■ **Task item**: Where the entries below show "The project risk", begin there and print that line and all following lines exactly, through the last, omitting pictures.

■ **Web page caption snippets**:
>>>>

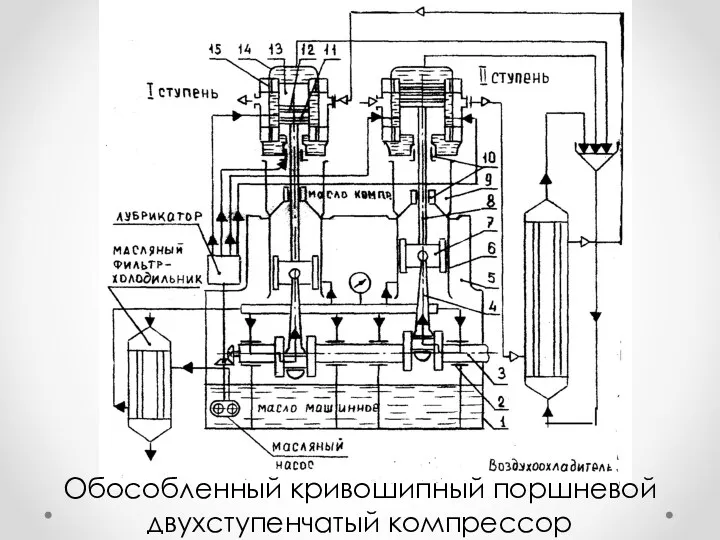 Обособленный кривошипный поршневой двухступенчатый компрессор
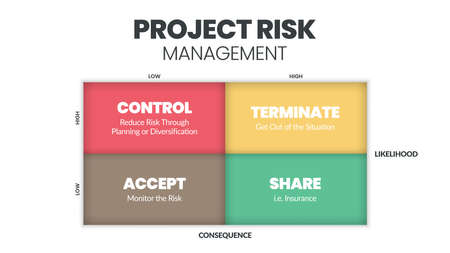 The project risk management matrix is a vector illustration of the likelihood and consequence of dangers in projects at low and high levels. The infographic has control, terminate, accept, and share.のイラスト素材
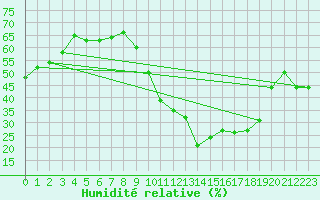 Courbe de l'humidit relative pour Toulon (83)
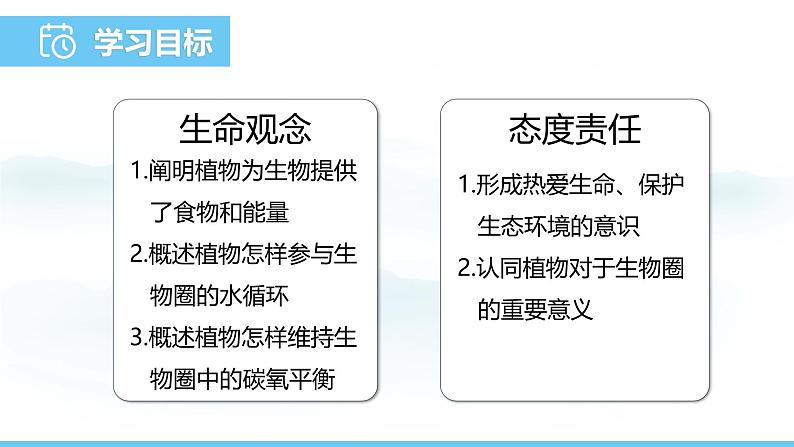 人教版（2024）七年级生物下册课件 第三单元 第二章 第四节 植物在自然界中的作用第2页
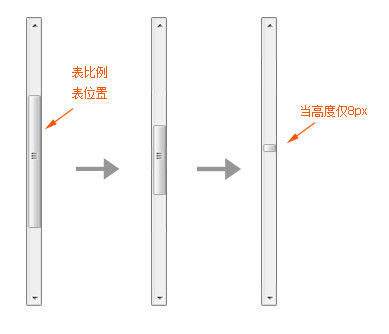 滚动
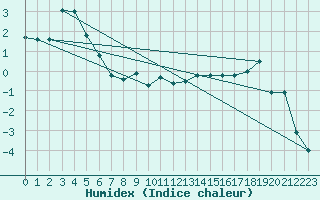 Courbe de l'humidex pour Sattel-Aegeri (Sw)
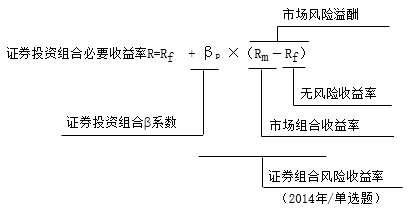 資本資產(chǎn)定價模型2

<<<<

■ **Answer area**:
 The project risk management matrix is a vector illustration of the likelihood and consequence of dangers in projects at low and high levels. The infographic has control, terminate, accept, and share.のイラスト素材
 Courbe de l'humidit relative pour Toulon (83)
 人教版（2024）七年级生物下册课件 第三单元 第二章 第四节 植物在自然界中的作用第2页
 滚动
 Courbe de l'humidex pour Sattel-Aegeri (Sw)
 資本資產(chǎn)定價模型2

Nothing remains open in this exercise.